> **Data for processing**:
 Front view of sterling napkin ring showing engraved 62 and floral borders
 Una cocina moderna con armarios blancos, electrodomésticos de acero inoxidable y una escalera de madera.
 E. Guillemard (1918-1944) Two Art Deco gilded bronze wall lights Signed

--

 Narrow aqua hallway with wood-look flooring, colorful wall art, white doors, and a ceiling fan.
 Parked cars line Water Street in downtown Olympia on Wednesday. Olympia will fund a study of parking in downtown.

* * *

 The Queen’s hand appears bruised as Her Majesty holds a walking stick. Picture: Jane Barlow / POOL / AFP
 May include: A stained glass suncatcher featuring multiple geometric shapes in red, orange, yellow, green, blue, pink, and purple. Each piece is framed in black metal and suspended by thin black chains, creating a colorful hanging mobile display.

> **Exercise instructions**: Among the lines above, find each one containing the string "wall" and copy it.

> **Exercise result**:
 E. Guillemard (1918-1944) Two Art Deco gilded bronze wall lights Signed
 Narrow aqua hallway with wood-look flooring, colorful wall art, white doors, and a ceiling fan.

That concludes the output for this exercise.